▶ [EXCERPTED DATA]:
___

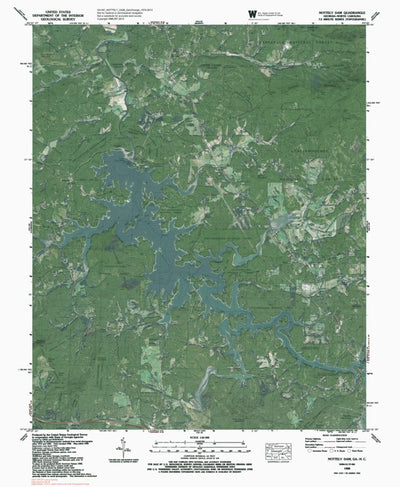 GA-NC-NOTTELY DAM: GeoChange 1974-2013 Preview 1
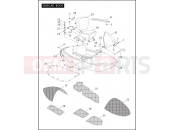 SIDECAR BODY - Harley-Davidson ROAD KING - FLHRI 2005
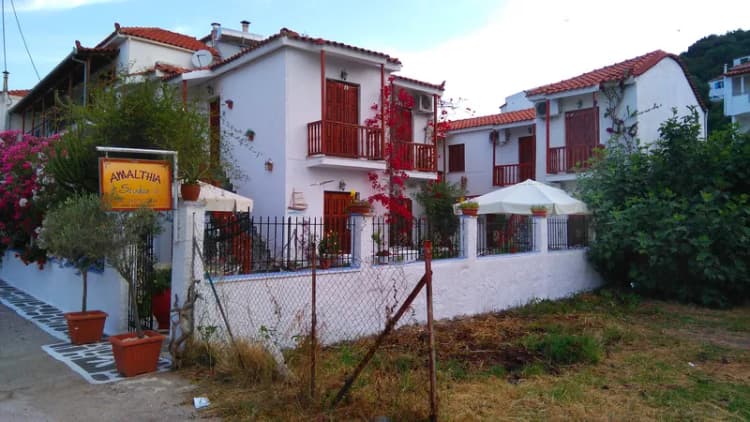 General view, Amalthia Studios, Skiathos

___

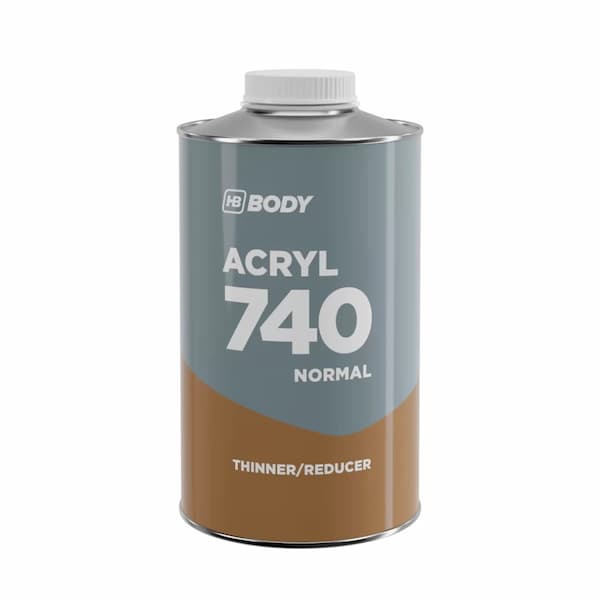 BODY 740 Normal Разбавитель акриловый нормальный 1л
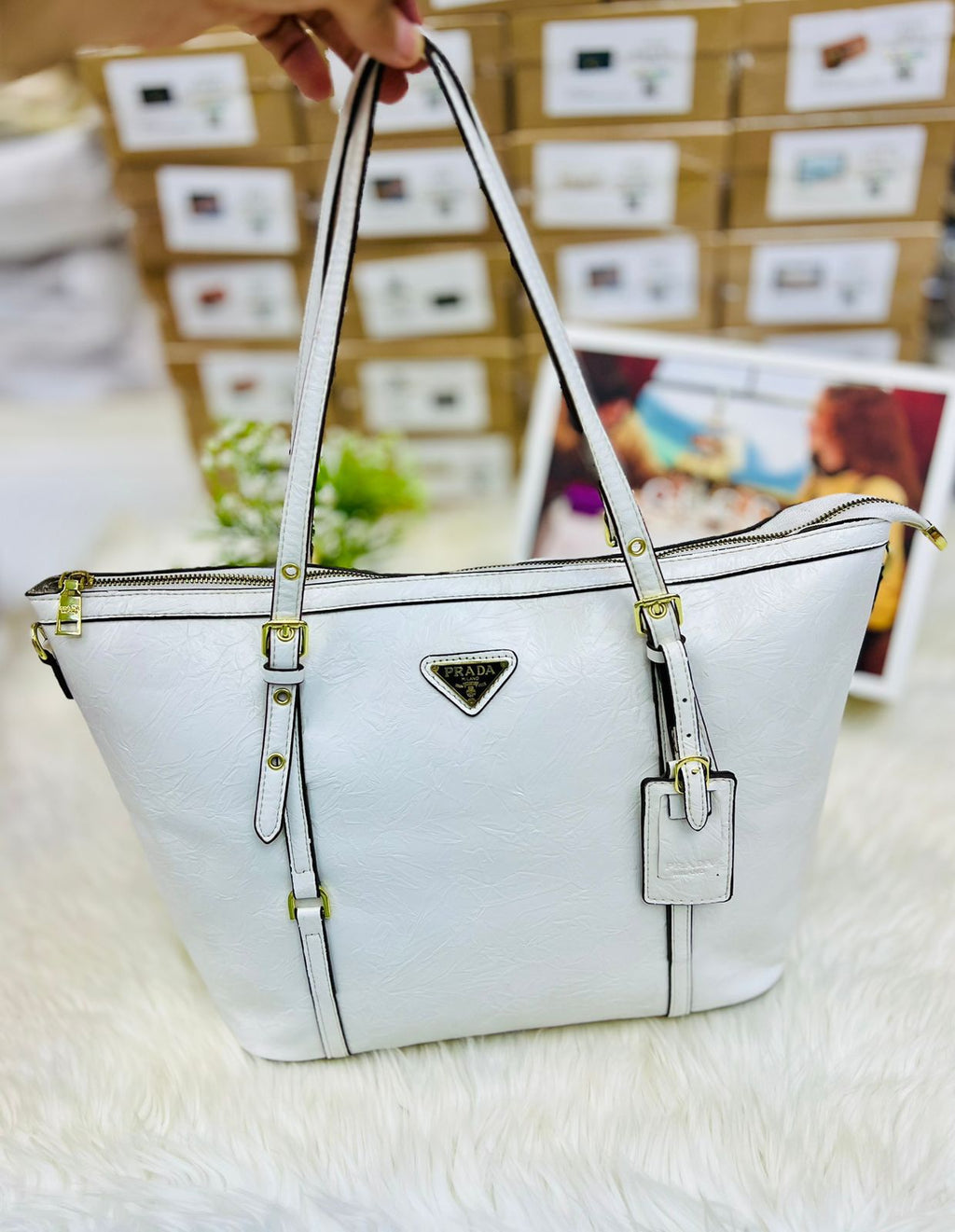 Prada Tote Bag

___

▶ [EXERCISE GOAL]: Range to copy from the records above: the line containing "GA-NC-NOTTELY DAM: GeoChange" to the line containing "General view, Amalthia Studios, Skiathos", both included. Output those lines exactly and only those, skipping pictures.

▶ [ANSWER SECTION]:
 GA-NC-NOTTELY DAM: GeoChange 1974-2013 Preview 1
 SIDECAR BODY - Harley-Davidson ROAD KING - FLHRI 2005
 General view, Amalthia Studios, Skiathos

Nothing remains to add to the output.